Thanks for the clarification question. We note that the sparsity is applied over the whole ensemble and we control Credit to have the same sparsity as HYDRA. To further clarify this question, we perform additional evaluations in which the number of parameters are also controlled. As shown in the table below, our method still outperforms HYDRA by a large margin when the number of parameter is controlled.
| Pruning Ratio | Method | $r = 0$ | $r = 0.25$ | $r = 110 / 255$ | $r = 0.5$ | $r = 0.75$ |
| :-----------: | :----: | :-------: | :--------: | :-------------: | :-------: | :--------: |
| 0.9 | HYDRA | 0.78 | 0.687 | 0.599 | 0.562 | 0.466 |
| | Credit | **0.786** | **0.701** | **0.629** | **0.602** | **0.496** |
| 0.95 | HYDRA | 0.759 | 0.678 | 0.598 | 0.572 | 0.45 |
| | Credit | **0.775** | **0.687** | **0.623** | **0.598** | **0.497** |
| 0.99 | HYDRA | 0.697 | 0.616 | 0.548 | 0.527 | 0.409 |
| | Credit | **0.701** | **0.625** | **0.569** | **0.545** | **0.451** |
> Since publishing, HYDRA is no longer state of the art in performance. What do auto-attack results look like for it?
Thanks for the suggestion. We note that auto-attack only evaluates the *empirical robustness* of models, while our work focuses on pruning a *diversified sparse ensemble* to achieve *high certified robustness*, which can guarantee that an input example's prediction remains unchanged as long as the perturbation is contained in a $\ell_2$ ball of certified radius around it. Additionally, because auto-attack is designed for non-smooth models, it could not generate adversarial examples against smoothed classifier because of its Monte Carlo estimation procedure. However, we also performed additional evaluations of empirical robustness of HYDRA and Credit with the following procedure: (1) we take the mean of the output confidence from the base ensemble evaluated on 30 Gaussian-augmented views of the same image; (2) we use projected gradient descent (PGD) with maximum perturbation norm $\varepsilon = 0.5$ to minimize this mean confidence and obtain the corresponding adversarial image; (3) we evaluate our smoothed model on the generated adversarial images. We present the results below.

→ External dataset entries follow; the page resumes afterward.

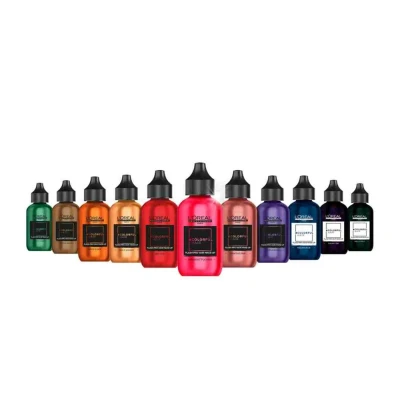 Abbildung von L&#039;Oréal Coloration Professionnel #Colorful Hair Flash Pro Make up Feeling Blue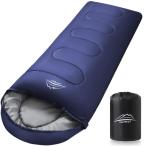LEEPWEI 寝袋 封筒型 軽量 保温 -10℃-15℃耐寒 210T防水シュラフ コンパクト アウトドア キャンプ 登山 車中泊 防災用 丸洗い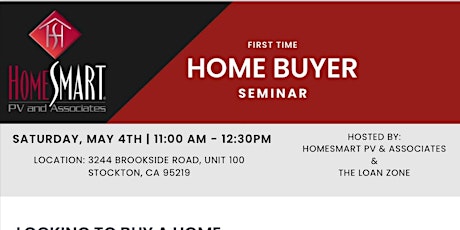 First Time Home Buyer Seminar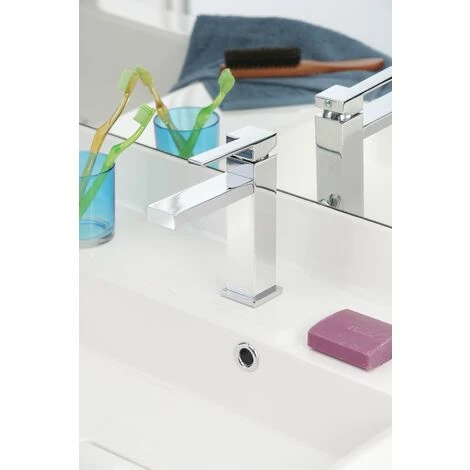 EUROSANIT Mitigeur De Lavabo Cuarto Chromé 4 EUROSANIT Mitigeur De Lavabo Cuarto Chromé – Image 2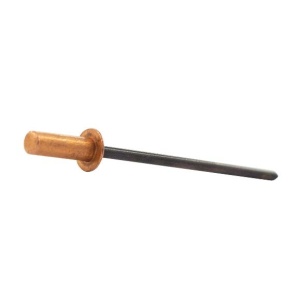 Cu Ø 3,2 x 8 mm Nit Cupru /Otel ETANȘ DIN 7337A Cutie 500 buc - Img 2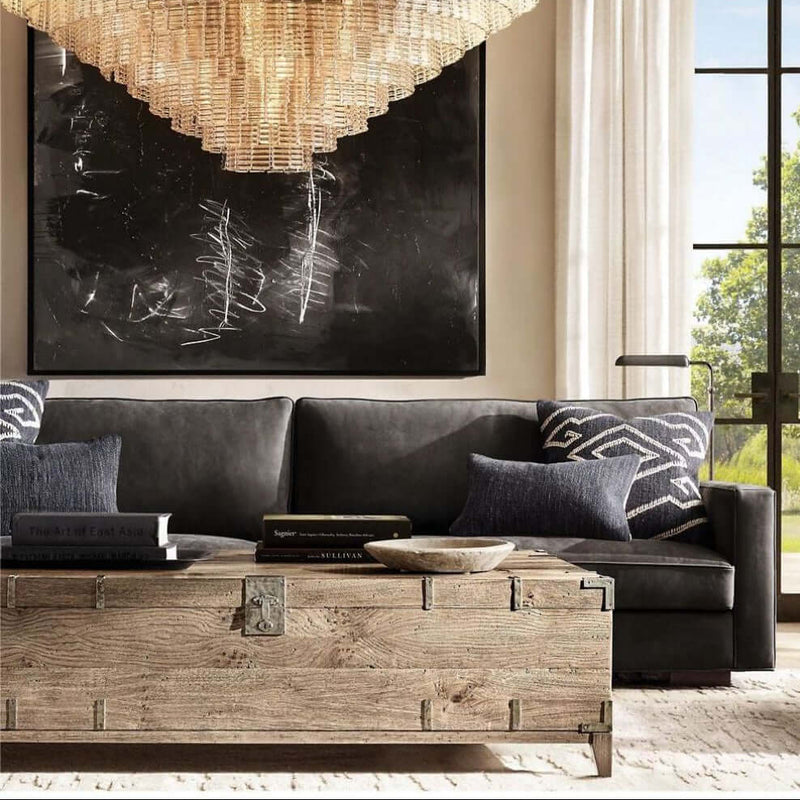 Samurai Clear Round Chandelier 41"D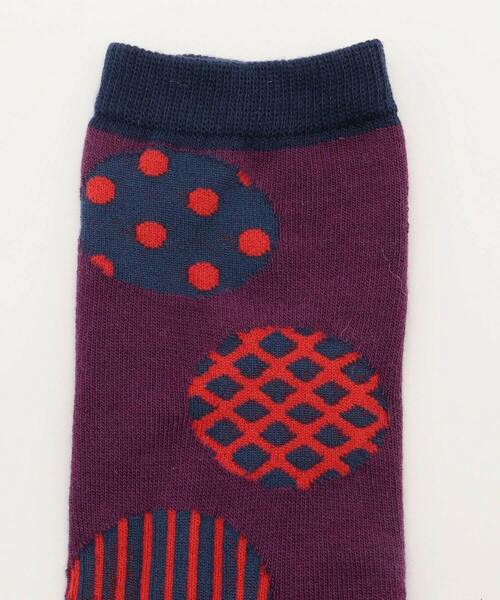 FRAPBOIS（フラボア）の「ドットドットソックス（ソックス/靴下・レディース・イエロー/ブラック/パープル・FREE）」の4枚目の写真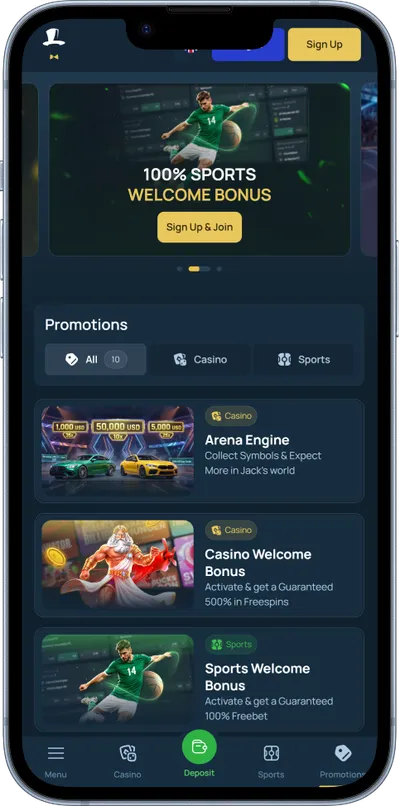 fortunejack casino phone screen sports betting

| Method \ Sparsity | 0.9 | 0.95 | 0.99 |
| ----------------- | ----- | ----- | ----- |
| HYDRA | 0.721 | 0.65 | 0.647 |
| Credit | 0.729 | 0.712 | 0.641 |
We would like to emphasize again that our focus is about *certified robustness* instead of *empirical robustness*.
> Have you made sure that gradient diversity is enforced across the whole ensemble? How does one pick when to stop?
Thanks for the question. We note that we enforce gradient diversity in Credit *between every base model pair* and *throughout the entire training process*. For each base model pair $(F_i, F_j)$ where $i, j \in [N]$ and $i \neq j$, our gradient diversity loss promotes the diversity of gradients, defined as the gradient difference between different labels, between the base model $F_i$ and $F_j$ below
$$
\mathcal{L}_{GD}(x_0)_{ij} = \left\|\nabla_x f_i^{y_0/ y_i^{(2)}} + \nabla_x f_j^{y_0 / y_i^{(2)} }\right\|.
$$
It directly reflects the relationship between the magnitude and the directional diversity of the gradients of the base models.
We use a fixed stopping criteria for our training process when the number of epochs is met.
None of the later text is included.